The not-so-musical music included a performance by bouncy sex bunny Britney Spears, whose vocalizing was clearly prerecorded and badly lip-synced -- but then who knew what the heck she was singing about anyway? Spears depended heavily on elaborate pyrotechnics and on manic aerobic-erotic choreography during her two numbers; dancers hurled themselves, cartwheeled, tumbled and even crawled across the stage.
At one point, she gamboled about amid, literally, great balls of fire -- apparently forgetting that Michael Jackson's hair was once set ablaze while he was filming a Pepsi commercial.
There was also, as part of the alleged dancing, what's commonly referred to as "some girl-on-girl action" (Spears and Madonna kissed on the lips on a recent MTV special), as well as writhing onstage costume changes. When they weren't being groped or fondled by her, dancers helped Spears strip her pants off, revealing a bikini-like black bottom for the second number. They even helped straighten out the little pixie's shorty shorts so that they didn't reveal too much. Or maybe so that they did.
Spears just kept singing, singing, singing. Or rather syncing, syncing, syncing. But the feeling some of us at home were having would be better described as sinking, sinking, sinking.

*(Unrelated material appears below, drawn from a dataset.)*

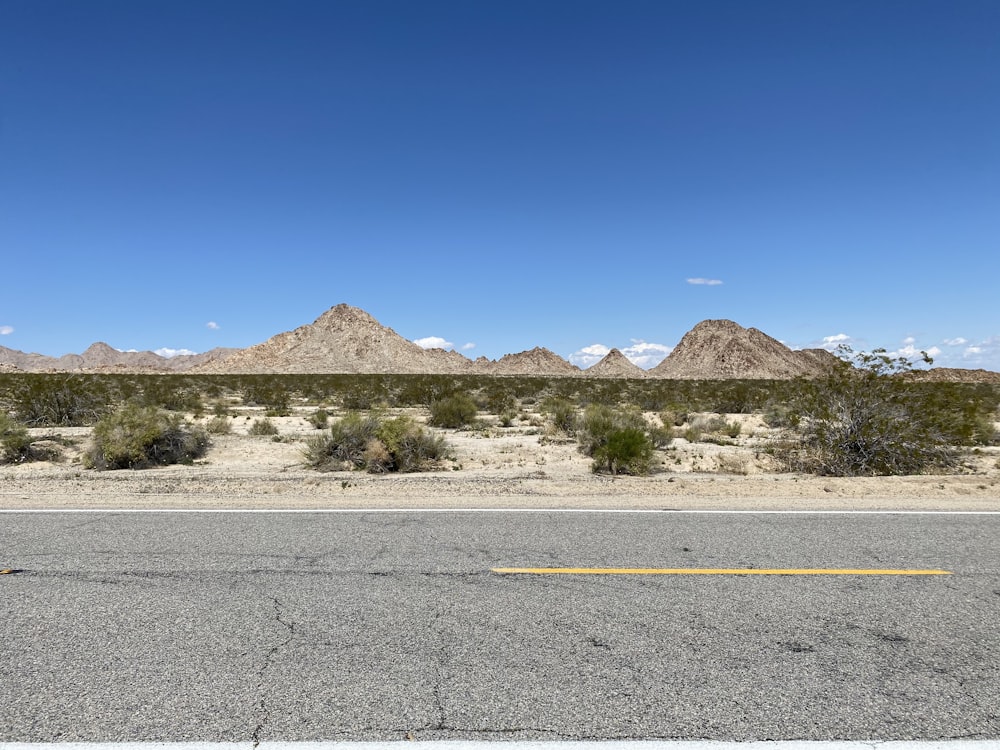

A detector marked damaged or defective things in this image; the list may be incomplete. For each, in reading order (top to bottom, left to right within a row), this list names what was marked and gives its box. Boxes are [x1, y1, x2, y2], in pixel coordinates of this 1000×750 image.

crack in asphalt [252, 596, 294, 748]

Also appearing was a Waldorf-born rock band called Good Charlotte, rock veterans Aerosmith -- who did so many numbers they turned it into an Aerosmith concert -- and popular supershrieker Mary J. Blige, who apparently prefers a strange squatting position when she wails and screams.

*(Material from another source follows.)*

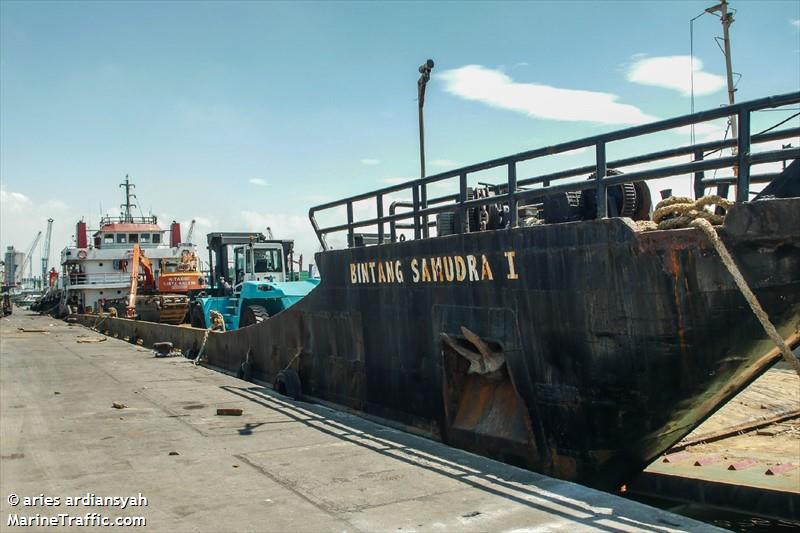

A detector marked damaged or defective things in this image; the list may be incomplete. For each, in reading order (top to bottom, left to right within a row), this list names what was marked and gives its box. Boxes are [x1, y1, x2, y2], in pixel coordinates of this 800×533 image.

rusted hull plating [76, 197, 800, 488]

The only really respectable musical performance, also clearly recorded in advance, was the majestic Aretha Franklin's overblown yet effective rendition of the national anthem. Of course on the line "rockets' red glare," red fireworks were set off at the back of the stage. The show, directed and co-produced by Joel Gallen, was a never-let-well-enough-alone production.
A closing credit, "Paid for by the NFL," suggested the football league bought the time outright from ABC and then sold the commercial minutes. Many of the ads were, of course, for new Pepsi Vanilla and Diet Pepsi Vanilla, the Not-So-Vanilla Vanilla (when will they come out with not-so-chocolate chocolate?), but there was also a super-kinetic blitz of a commercial for Reebok Vector shoes, scored to the opening chorus from Carl Orff's "Carmina Burana," one of the most frequently appropriated pieces of 20th-century classical music.
When Italian filmmaker Pier Paolo Pasolini included a bit of "Carmina Burana" in his borderline-obscene film "Salo," he explained he did so because he considered it "fascist music." We just note that in passing.
Each musical act was introduced by a former NFL star -- Joe Theismann and Joe Namath opened the show together -- teamed with a member of the armed forces. Theismann said of the concert, "It's a national moment of remembrance," which really seems preposterous in light of what followed. A woman representing the Coast Guard said, "I'm proud to be an American" before introducing Aerosmith.
During a brief cutaway to FedEx Field in Landover, game announcers John Madden and Al Michaels argued briefly over which player seemed more "juiced" for the Redskins-Jets game that was soon -- they promised -- to follow. Then back to the Mall for more eardrum-shattering rock.
While the sun still shone, the beautiful U.S. Capitol provided an unlikely and, it seemed, reluctant backdrop for the acts. When night came, and the dome was lit up, it appeared to recede a bit into the distance, as if in shame.
Perhaps the Mall will be available now to every American for weddings, birthday parties and bar mitzvahs. No, probably not. You'll have to be a giant corporation to take over this precious public space and, in effect, spill a ton of garbage all over it.